Assignment:
Using the records below, repeat exactly the lines from the one holding "Боксерский шлем fairtex" through the one holding "汽车轮胎在雪地上的油漆微笑 冬季和假日概念 — 图库照片", both ends included, and no others.

Supplied entries:
──────────

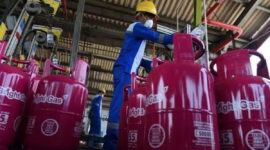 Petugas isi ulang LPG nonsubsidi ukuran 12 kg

──────────

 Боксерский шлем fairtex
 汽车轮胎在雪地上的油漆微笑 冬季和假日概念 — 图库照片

──────────

Solution:
 Боксерский шлем fairtex
 汽车轮胎在雪地上的油漆微笑 冬季和假日概念 — 图库照片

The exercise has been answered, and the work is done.